Gramps and the Fire Dragon
- Author: Bethany Roberts
- Illustrator: Melissa Iwai
- Language: English
- Genre: Children's fiction
- Published: Spring 2000
- Publisher: Clarion Books
- Publication place: United States
- Pages: 32
- ISBN: 0-395-69849-9

= Gramps and the Fire Dragon =

2000 children's book by Bethany Roberts

Gramps and the Fire Dragon is a 2000 book by children's author Bethany Roberts, with illustrations by Melissa Iwai.

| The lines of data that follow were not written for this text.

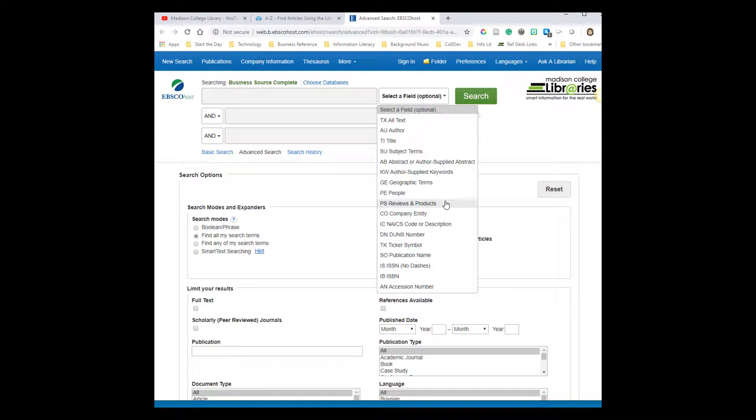Since Business Source Complete is a business database, you'll see special options for things like company entity or company name, ticker symbol, or NAICS code.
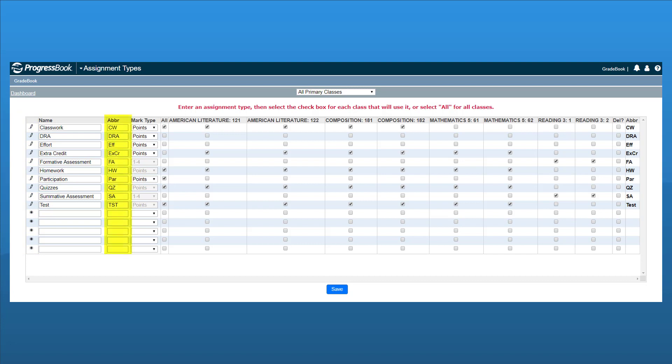In the Abbreviation column, enter a shorthand version of each assignment type, such as HW for homework, TST for tests, and CW for classwork.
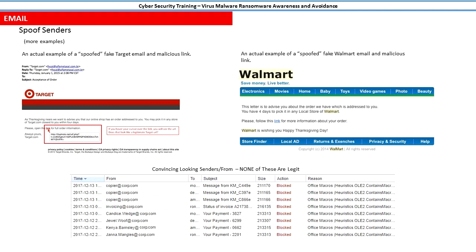It is painfully obvious in the Target email—that is not a Target address, and that's a big giveaway. Again, just mouse over the links and you'll start seeing that something is not adding up.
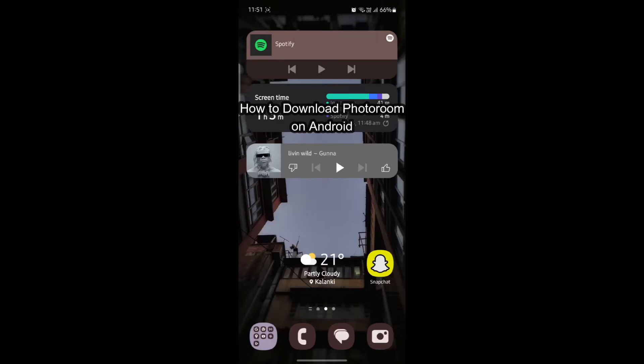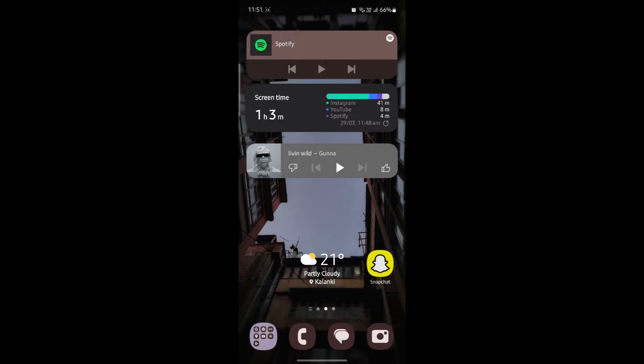Hello and welcome to AI Basics. It's your host back again with yet another interesting tutorial video. In this video, I'm going to teach you how you can download PhotoRoom on your Android device.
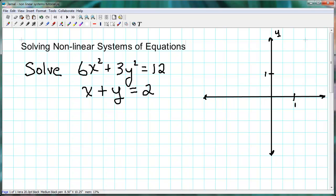Hello, Mr. T here with a tutorial on solving nonlinear systems of equations. This is part of our conics unit. We have a system of equations here that we're going to first graph just to get an idea of what this looks like, but ultimately we want to be able to solve it algebraically.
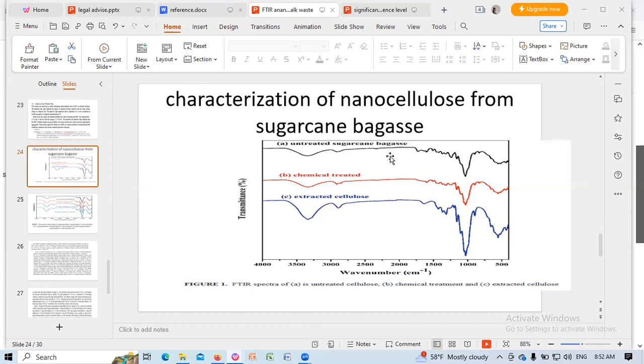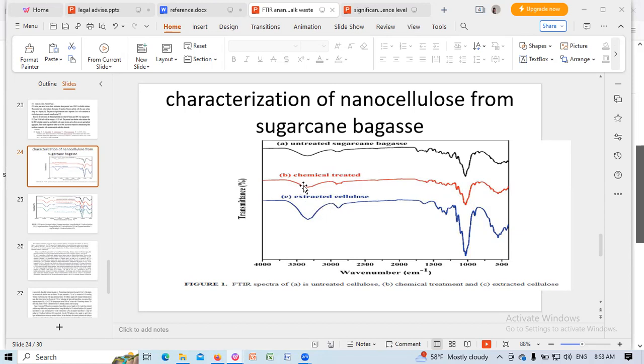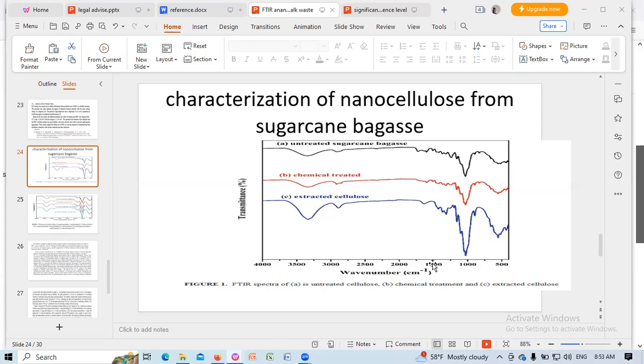This is the FTIR peak of cellulose. We see the peak in the around 3000 per cm and 2900 per cm. Similarly, in the range of 500 to 700, we are seeing the peaks.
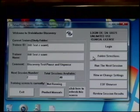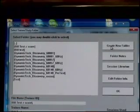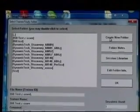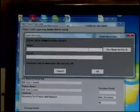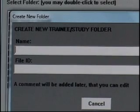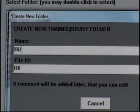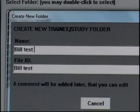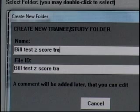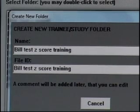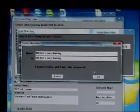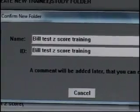First step: folder selection. Let's go ahead and in the upper right-hand corner, create a new folder. We'll name this one — we'll stick with the build test — we'll call this z-score training. We'll hit 'Use Name for ID,' OK, OK one more time.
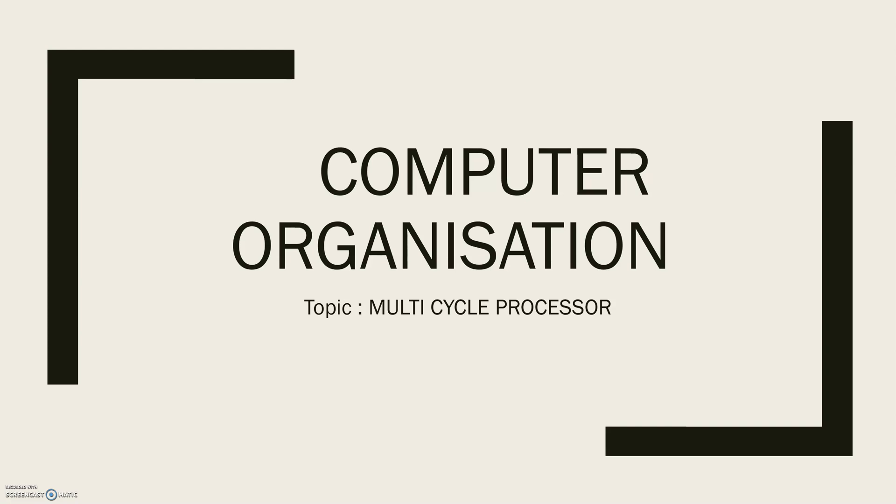Hello all, welcome to this course in computer organization. The topic that we will be dealing with today is a multi-cycle processor. Let's get started.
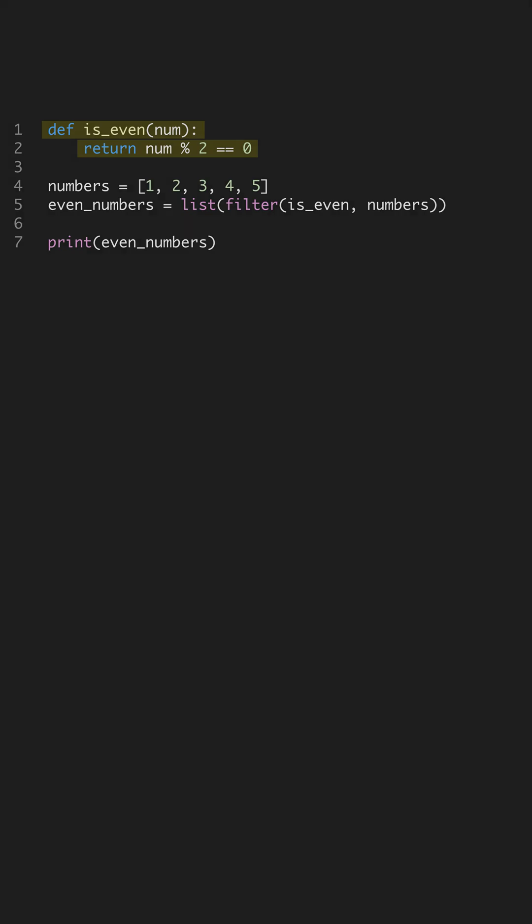Landing a Python developer job often requires demonstrating your understanding of core concepts. One common interview question is how to find even numbers from a list. Let's explore one efficient way to tackle this.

The book, which tells of a grandson and grandfather who must escape a dragon that emerged from the flames of their fireplace, was published to positive reviews.

==Plot==
One night, a boy named Jesse asks his grandfather (nicknamed "Gramps") for a bedtime story near their fireplace. The latter tells of a dragon within the flames, which grows in size and prompts the two to escape from its path until Jesse extinguishes it with a water hose.

==Development==
Illustrator Melissa Iwai, who hailed from Lompoc, California, respectively modeled Jesse and Gramps after her husband Denis (via portraits from his youth) and Denis' own father.

==Reception==
Amid positive press, reviewers noted the fast-paced proceedings in Gramps and the Fire Dragon, and also noted that Jesse and his grandfather's victory was never in doubt for the sake of young readers. Barbara Buckley of the School Library Journal commended the friendliness of the titular dragon's design, and "the use of two-page spreads [which] highlights the crisis spots in the text." Shelle Rosenfield of Booklist said, "[Their] adventure ends on a warm, comforting sleepy-time note, as it celebrates both the delights of storytelling and the special relationship between grandparent and grandchild.... The exciting and sometimes silly story conveys a message about love and sharing". In 2001, Gramps was honored as a Children's Choice selection by the International Reading Association and Children's Book Council.